From the data below, repeat exactly the lines from the line with "Bouquet snack [ free kartu ucapan ]" to the line with "Optik Lens Protector", both included.

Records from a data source
● ● ● ●

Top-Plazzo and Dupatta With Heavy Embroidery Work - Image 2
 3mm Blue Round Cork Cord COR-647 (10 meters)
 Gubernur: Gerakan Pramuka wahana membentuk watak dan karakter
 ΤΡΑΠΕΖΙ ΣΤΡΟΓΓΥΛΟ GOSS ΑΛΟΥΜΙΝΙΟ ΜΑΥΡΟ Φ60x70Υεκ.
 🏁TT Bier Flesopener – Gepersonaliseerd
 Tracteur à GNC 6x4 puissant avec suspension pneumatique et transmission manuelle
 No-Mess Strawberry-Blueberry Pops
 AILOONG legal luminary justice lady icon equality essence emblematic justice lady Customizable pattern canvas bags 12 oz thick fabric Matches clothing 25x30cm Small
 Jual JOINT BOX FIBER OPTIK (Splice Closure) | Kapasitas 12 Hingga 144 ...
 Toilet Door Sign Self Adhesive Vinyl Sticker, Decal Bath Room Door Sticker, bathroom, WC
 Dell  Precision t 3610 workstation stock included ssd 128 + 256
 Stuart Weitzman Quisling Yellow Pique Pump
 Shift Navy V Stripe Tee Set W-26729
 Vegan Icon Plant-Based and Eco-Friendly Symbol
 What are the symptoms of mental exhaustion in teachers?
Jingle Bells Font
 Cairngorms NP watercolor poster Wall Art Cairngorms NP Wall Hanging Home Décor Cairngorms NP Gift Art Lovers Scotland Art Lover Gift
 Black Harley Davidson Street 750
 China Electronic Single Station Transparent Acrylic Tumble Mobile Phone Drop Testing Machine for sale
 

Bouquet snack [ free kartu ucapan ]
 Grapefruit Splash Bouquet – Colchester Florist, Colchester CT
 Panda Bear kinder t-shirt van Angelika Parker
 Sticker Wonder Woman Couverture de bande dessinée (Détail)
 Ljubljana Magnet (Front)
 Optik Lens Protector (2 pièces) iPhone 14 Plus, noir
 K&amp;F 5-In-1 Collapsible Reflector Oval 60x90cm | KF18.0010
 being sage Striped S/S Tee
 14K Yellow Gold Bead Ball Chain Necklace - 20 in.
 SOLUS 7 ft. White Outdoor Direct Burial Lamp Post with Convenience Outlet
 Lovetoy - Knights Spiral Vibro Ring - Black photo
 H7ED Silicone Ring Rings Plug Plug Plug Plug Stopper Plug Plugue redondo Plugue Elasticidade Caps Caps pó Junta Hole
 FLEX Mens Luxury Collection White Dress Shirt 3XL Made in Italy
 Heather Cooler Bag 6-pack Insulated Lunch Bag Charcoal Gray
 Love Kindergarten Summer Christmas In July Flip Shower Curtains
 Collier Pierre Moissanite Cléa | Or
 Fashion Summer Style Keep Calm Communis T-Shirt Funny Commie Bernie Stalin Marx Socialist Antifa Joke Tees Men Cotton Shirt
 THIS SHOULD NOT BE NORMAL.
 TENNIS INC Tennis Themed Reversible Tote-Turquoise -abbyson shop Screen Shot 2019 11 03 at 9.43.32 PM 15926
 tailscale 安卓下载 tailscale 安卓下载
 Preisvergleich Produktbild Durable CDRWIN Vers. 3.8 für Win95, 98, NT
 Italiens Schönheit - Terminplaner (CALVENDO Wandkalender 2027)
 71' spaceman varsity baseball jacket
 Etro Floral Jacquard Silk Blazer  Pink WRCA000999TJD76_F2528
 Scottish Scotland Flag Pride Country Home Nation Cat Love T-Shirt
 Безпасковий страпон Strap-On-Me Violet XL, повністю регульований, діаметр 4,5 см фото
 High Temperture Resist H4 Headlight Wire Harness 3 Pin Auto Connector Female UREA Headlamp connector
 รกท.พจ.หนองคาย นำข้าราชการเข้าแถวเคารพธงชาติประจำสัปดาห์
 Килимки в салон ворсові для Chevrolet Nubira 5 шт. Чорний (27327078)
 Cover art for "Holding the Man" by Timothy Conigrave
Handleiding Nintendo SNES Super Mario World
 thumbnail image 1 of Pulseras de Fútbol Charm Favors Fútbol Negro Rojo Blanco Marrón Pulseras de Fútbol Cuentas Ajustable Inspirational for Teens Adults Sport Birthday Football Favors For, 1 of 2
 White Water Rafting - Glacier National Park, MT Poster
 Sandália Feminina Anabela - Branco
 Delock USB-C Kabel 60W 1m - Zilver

● ● ● ●

Response for this exercise:
Bouquet snack [ free kartu ucapan ]
 Grapefruit Splash Bouquet – Colchester Florist, Colchester CT
 Panda Bear kinder t-shirt van Angelika Parker
 Sticker Wonder Woman Couverture de bande dessinée (Détail)
 Ljubljana Magnet (Front)
 Optik Lens Protector (2 pièces) iPhone 14 Plus, noir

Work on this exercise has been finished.